I would first like to preface this post with the statement that I am not an expert in working with carbon fiber and, the truth is, I have no idea what I’m doing. When I was a teenager, I tried to make a skimboard out of fiberglass. While my project wasn’t all that successful, I did learn how to work with the resin and fabric composite system which is common to both fiberglass and carbon fiber. My recent foray was guided by that single experience 30 years prior, combined with online research and a few YouTube videos. This should in no way be taken as an expert guide on building painting equipment with carbon fiber, and there are almost certainly much better ways of doing this.
That said, I do now have a few working pochade boxes and a large format plein air easel, so I wanted to show how I did it.

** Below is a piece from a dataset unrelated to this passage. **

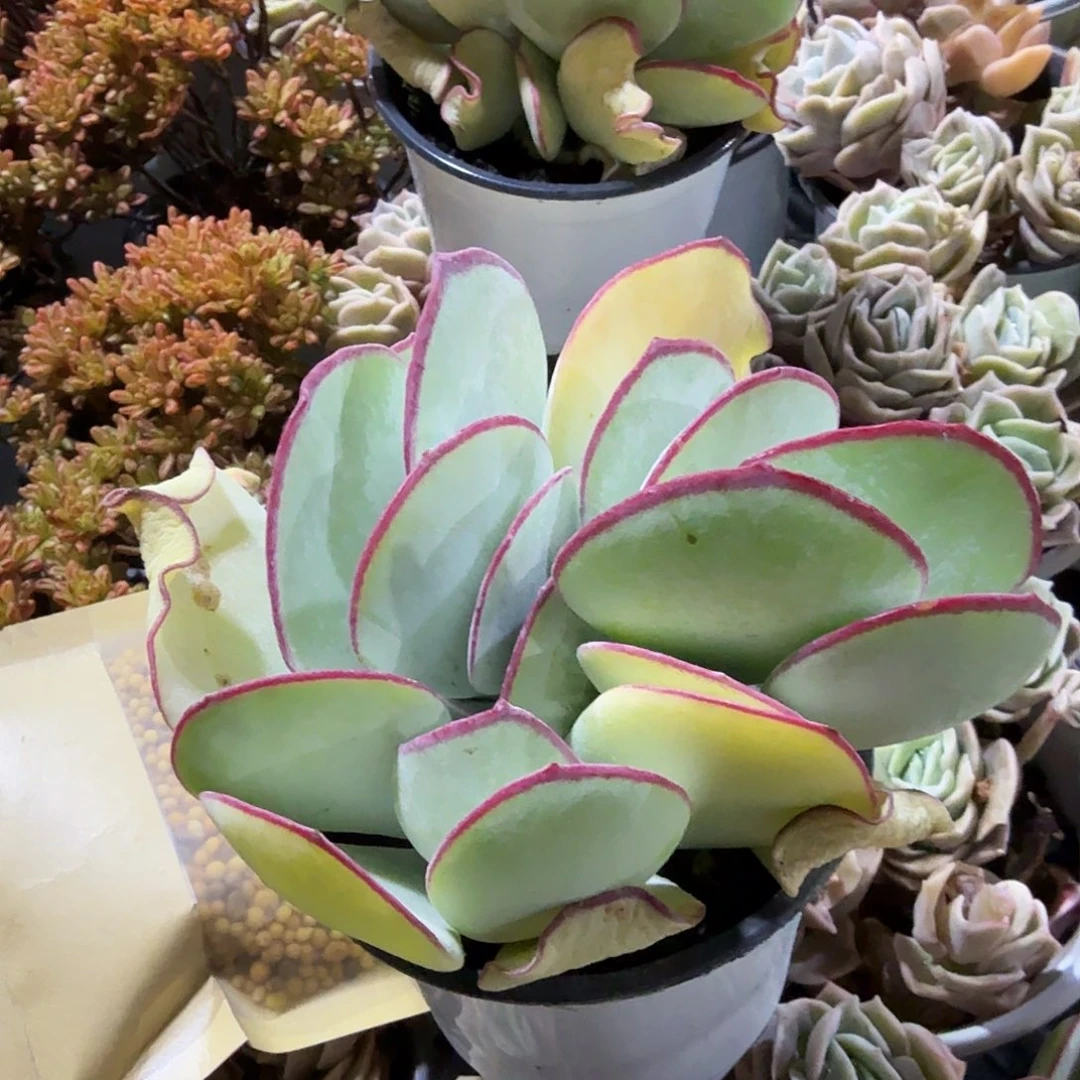 白眉群生多肉植物精品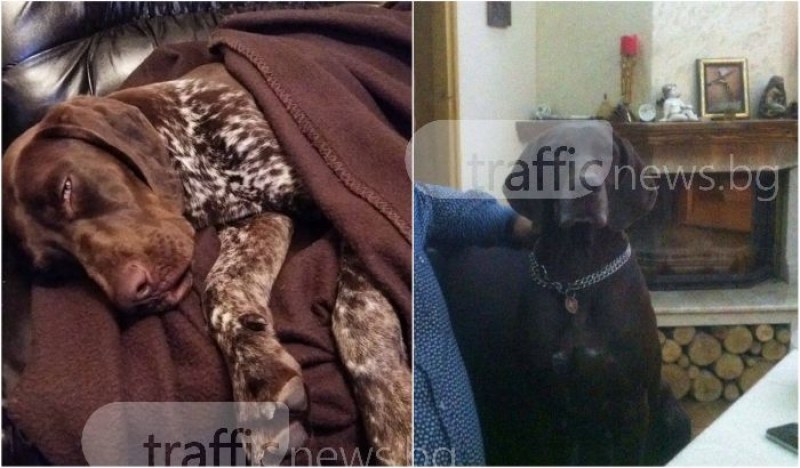 Две ловни кучета се изгубиха край хижа Здравец! Собствениците предлагат възнаграждение СНИМКИ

And with that in mind, here are all the parts I used for my box:
Materials for a DIY carbon fiber pochade box
Foam mold I cut for the box shape.
Purchased pre-made carbon fiber reinforcements and wood slats for extra strength at the mast-hook and hinges.
Nomex honeycomb for rigidity.
Carbon fiber twill.
Epoxy resin (not shown).
And the method I used: First I covered my cut foam mold with released film.
Step 1: Foam mold covered with release film
Then I taped the wood veneer in place.
Step 2: Wood veneer taped around mold.
Next I brushed on epoxy and wrapped it with a couple of layers of carbon fiber. I added extra layers of carbon fiber, as well as the pre-made carbon fiber bits and wood slats in sensitive areas, such as where it hooks to the mast and where the hinges would go, respectively. (I didn’t photograph this stage).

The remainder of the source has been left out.